In the wake of Donald Trump’s shocking presidential victory, police chiefs in a number of “sanctuary cities” have spoken out against the president-elect’s immigration policies, stating that they will not use their police force as an extension of federal immigration enforcement. According to PoliceOne’s Cole Zercoe, the following arguments highlight the battle between local law enforcement and the Trump administration.
Some police chiefs and other officials are taking a clear stance against Trump on the matter.
Charlie Beck, Los Angeles Police Department chief said, according to the Los Angeles Times: “We are not going to engage in law enforcement activities solely based on somebody’s immigration status. We are not going to work in conjunction with Homeland Security on deportation efforts. That is not our job, nor will I make it our job.”

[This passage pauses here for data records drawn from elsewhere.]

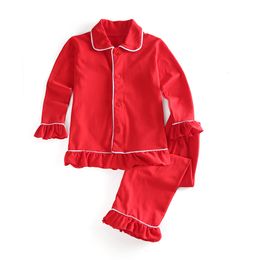 Pyjamas 100% Cotton Boys And Girls Sleepwear Plain Colour Family Matching Kids Christmas Ruffle Kids Button Up Pyjamas 230310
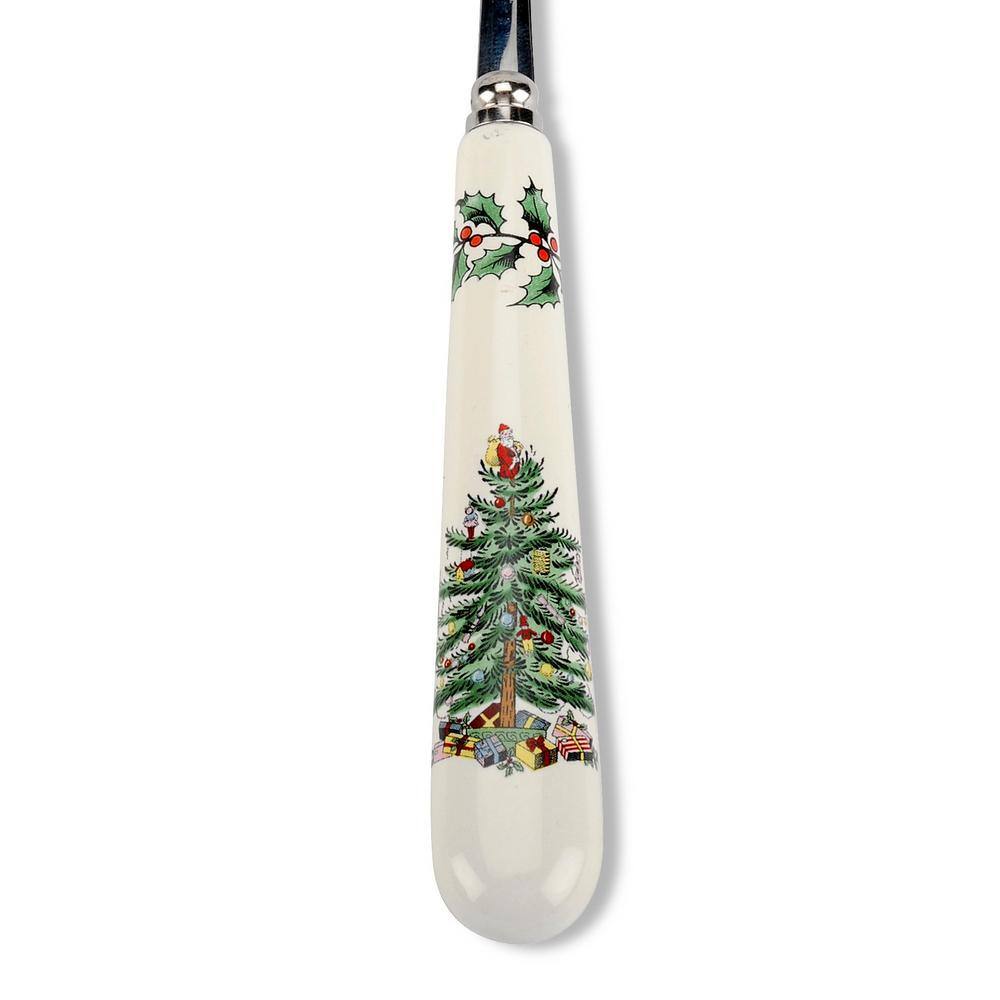 Spode Christmas Tree 2-Piece Stainless Steel Salad Servers with White Ceramic Handle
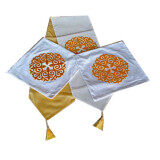 Maylee Classic Pillow Cases 6pcs With a Table Runner Gold Flake Flower- White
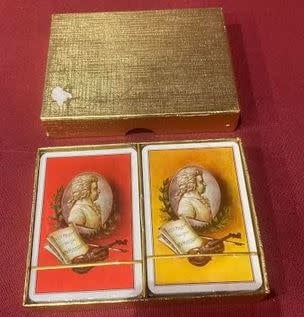 VINTAGE NEW Mozart Playing Cards Double Deck by Ferd Piatnik Sons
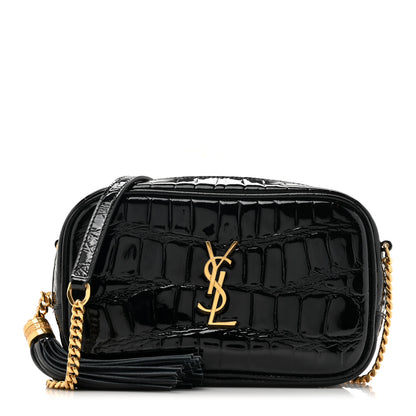 Saint Laurent Patent Calfskin Crocodile Embossed Monogram Mini Lou Camera Bag Black 1 of 12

He’s one of many chiefs who have outright rejected aiding the feds with immigration enforcement.
Here’s what Tuscon Police Chief Chris Magnus had to say on the issue, from the Arizona Daily Star: “It is important our residents understand that the policies and practices put in place over the past decade to direct and clarify how our officers interact with undocumented persons and handle immigration enforcement issues are not changing. We will not compromise our commitment to community policing and public safety by taking on immigration enforcement responsibilities that appropriately rest with federal authorities.”
And here’s a statement from the Denver Police Department, via the Denver Post: “Immigration enforcement is handled at the federal level — not by local law enforcement. The Denver Police Department has not participated in those enforcement efforts in the past and will not be involved in the future.”
Aurora, Chicago, Seattle, New York City, Nashville – the list goes on of police departments and city officials taking a stand against Trump.
This is an issue that agencies argue could potentially threaten investigations and public safety.
Law enforcement officials have argued that barring officers from asking subjects about their immigration status allows witnesses and victims to speak more freely about crimes, without fear of deportation.
Los Angeles County Sheriff’s Department spokesman Capt. Jeff Scroggin told the Times, “We just want people to come forward so we have a better community. It doesn’t matter whether they’re an immigrant or going through the process of citizenship. Whatever it is, we want to hear from them. We don’t want them to not cooperate. It’s important to keep the community safe.”
The concerns that a reversal of these policies would fracture communities and potentially threaten public safety come in an era when police agencies are arguably working harder to rebuild trust in their communities.